Records for the task -
——

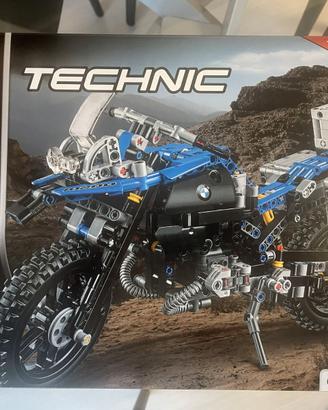 LEGO Technic 42063 BMW R 1200 GS Adventure–Complet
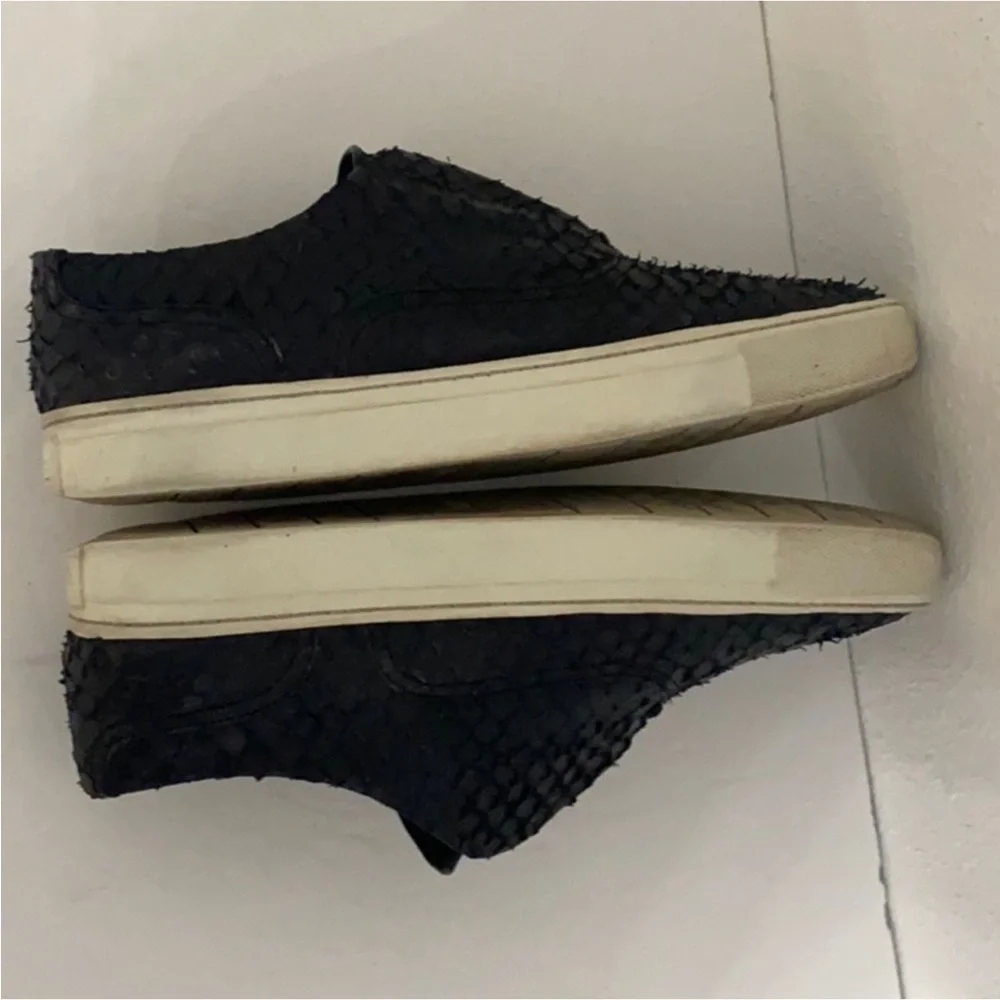 Authentic Vince designer reptile embossed leather platform slip on sneakers 7.5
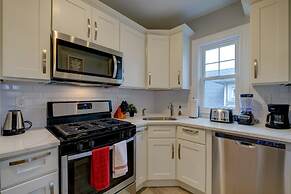 Spacious 2bd 1ba Free Parking 3D Tour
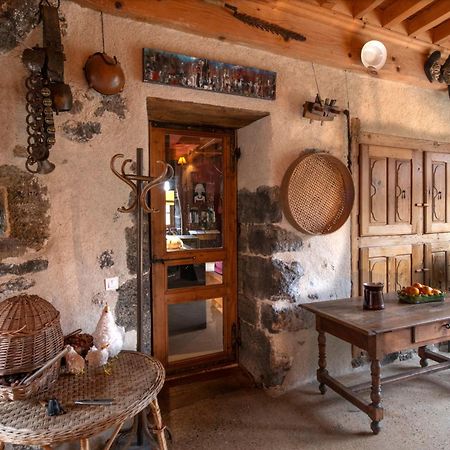 Chambre D'Hotes Et Gites Du Tapissier Polignac  Экстерьер фото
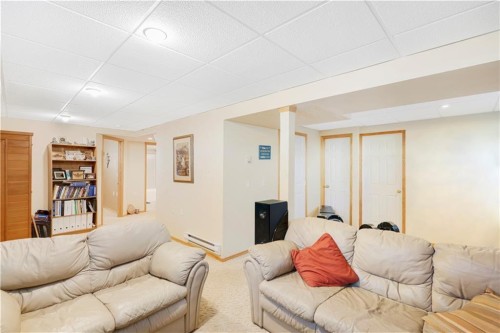 272210 Range Road 291 Ne, Airdrie, AB - Indoor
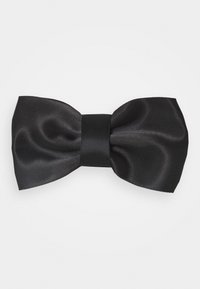 Gravata borboleta preta de cetim com textura suave, laços largos e uma faixa central. Cor uniforme e design simétrico adequado para vestuário formal.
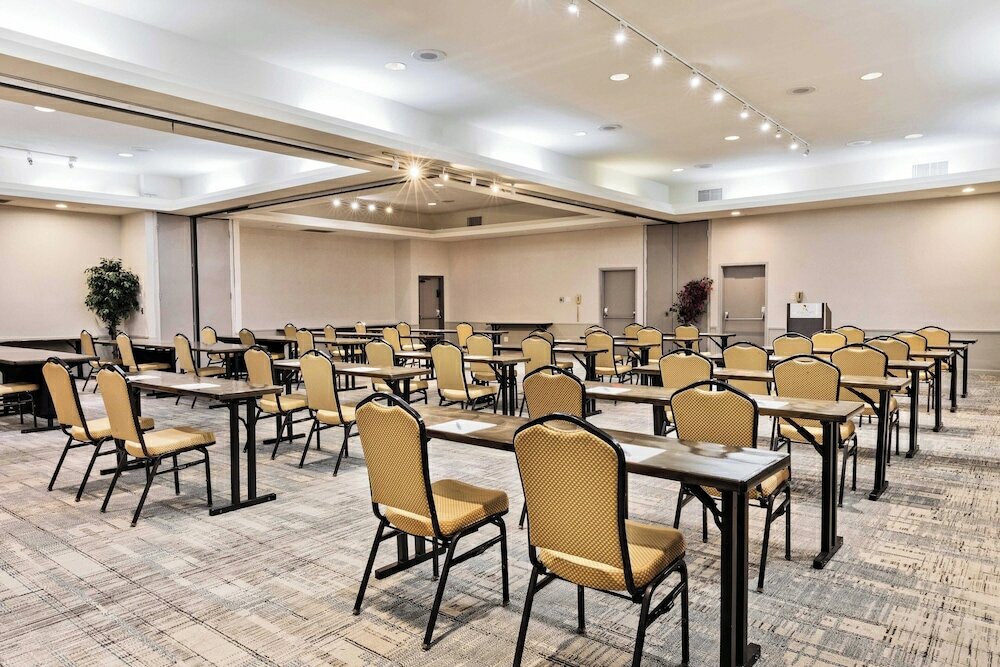 Фото Four Points by Sheraton Ventura Harbor Resort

——

Task description -
The material is to be written out word for word, and the pictures are to be left out.

Exercise output -
 LEGO Technic 42063 BMW R 1200 GS Adventure–Complet
 Authentic Vince designer reptile embossed leather platform slip on sneakers 7.5
 Spacious 2bd 1ba Free Parking 3D Tour
 Chambre D'Hotes Et Gites Du Tapissier Polignac  Экстерьер фото
 272210 Range Road 291 Ne, Airdrie, AB - Indoor
 Gravata borboleta preta de cetim com textura suave, laços largos e uma faixa central. Cor uniforme e design simétrico adequado para vestuário formal.
 Фото Four Points by Sheraton Ventura Harbor Resort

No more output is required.